I have posted several questions about this and now I have another question. My mom, 69 with MS almost died this past week due to a medication screw up. On the four day of her not eating and she was unable to swallow or talk, I contacted hospice and they said they would sign her up the next day. The day after I contacted them, my mom started getting better and started eating and drinking a little. Hospice didn't contact me again until today. Today my mom is able to eat and drink. But she is bedridden now and very depressed. The nurse told me today that my mom said several times that she wishes she was dead. She was ready to die and I think she is disappointed to still be alive. Hospice talked to my moms PN who gave her the all clear to be signed up for hospice today. But now that she is eating and drinking I don't feel she needs it... but should I still sign her up? I really don't want my mom to go, but if she is ready I need to respect her wishes. Is hospice something that will help her pass away? :( i can clarify wherever I don't make sense so please ask any questions. It's been a long week.
20 x 4 = 80 mg a day is the top recommended dose - going higher can be done in young spinal cord patients who tolerate it - but an elderly person with poorer kidney function would have a HARD time metabolizing that much. Big sigh and hoe things keep looking up.
Aaand - well here's the rub - baclofen does not work for ALL kinds of muscle spasms. It just doesn't do much unless you have spasms from spnal cord or brain problems...or a very rare muscle disease or two... and it does help hiccups.

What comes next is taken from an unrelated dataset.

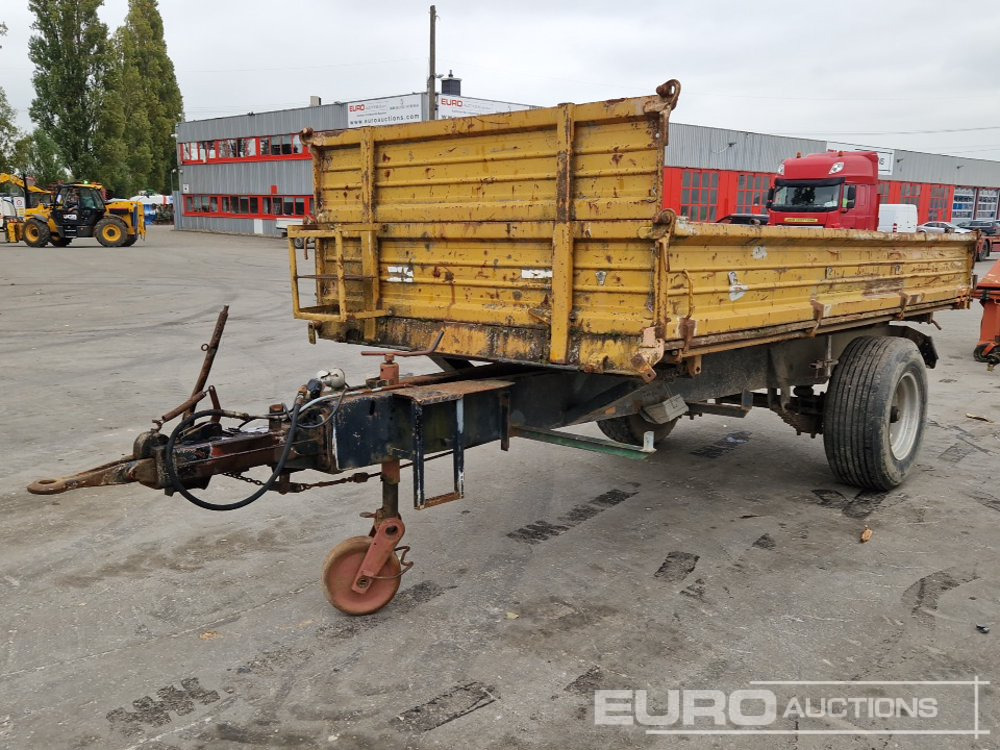 REDK-65 Single Axle Trailer - Бордово ремарке/ Платформа: снимка 1 REDK-65 Single Axle Trailer - Бордово ремарке/ Платформа: снимка 1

We use lots of it in my peds rehab practice and side effects are an issue, but you just have to deal with it intelligently and not suddenly withdraw from high doses which notoriously causes itching, spasms, halluicnations, etc. If it is intrathecal baclofen sudden dysfunction of the pump that withdrawal can even be fatal.
Some idea of what caused the spasms in the first place - checking electrolytes, calcium magnesium, and vitamin D levels at a minimum - would really help guide treatment a lot better. So sorry this was mishandled so badly. I normally do not just jump in and say something was bad without a lot of details, but I can't see how this wasn't just completely wrong. All that said, with decent management she ought to recover from it.
This is where the mistake lays. There are bad withdrawals from this med. This gave my mom extreme pain, possible hallucinations as well as her being unable to use the call light during any of this. I came into the nursing home to find my mom having extreme muscle spasms yelling "help me help me" and unable to say anything else due to being in such bad pain. She fortunately doesn't remember any of it but her screaming as the paramedics took her away to the ER is too fresh in my mind. This is a very mentally competent woman I'm talking about: it made her go crazy. The ER ran tests and gave her Valium which slowly calmed her down then sent her back to the nursing home. Where she was too lethargic to eat for a few days as well as in lots of pain. The back of her head and neck was the worst pain, I think it was from being crippled over during her spasms as well as fighting the ER nurses (again that is just not her). I can try to answer any more questions about it.
My mother was in a nursing home and on hospice. She got additional attention, a comfortable geri-chair, an upgrade to her bed, and someone who could make medication decisions quickly. After several months she was discharged from hospice because she had gained weight and was judged to have a life expectancy of more than 6 months. She lived another 2 years.
Hospice does not "help someone pass away" in the sense that they speed it up. Not at all. They just make the natural processes that are taking place more comfortable for her and more understandable for you. If Mom's body is not ready to die, they will not make it happen (even if your mom wants that).
My husband was on hospice in our home for 5 weeks before his death. Both my mother and my husband continued to eat and drink while on hospice. This is mostly determined by the disease process.
Since your mother has been accepted into the hospice program, I don't see any downside. If your mother's condition improves now that she is eating and drinking, she will be discharged from the program.